Would you restate each line of the data below word for word, without its pictures?

Recorded information =
== Segment start ==

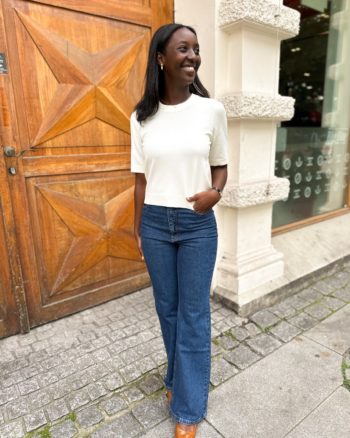Odette Jeans Long 745 Classic Blue - Five Units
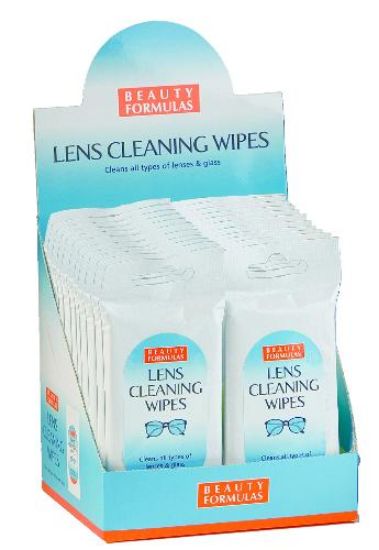 Picture of Lens Cleaning Wipes 20pk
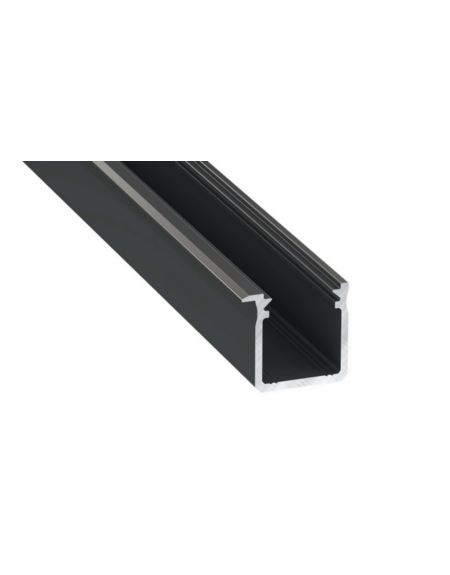 Profil  LUMINES Typ J czarny anodowany 2,02m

== Segment end ==

Result below =
Odette Jeans Long 745 Classic Blue - Five Units
 Picture of Lens Cleaning Wipes 20pk
 Profil  LUMINES Typ J czarny anodowany 2,02m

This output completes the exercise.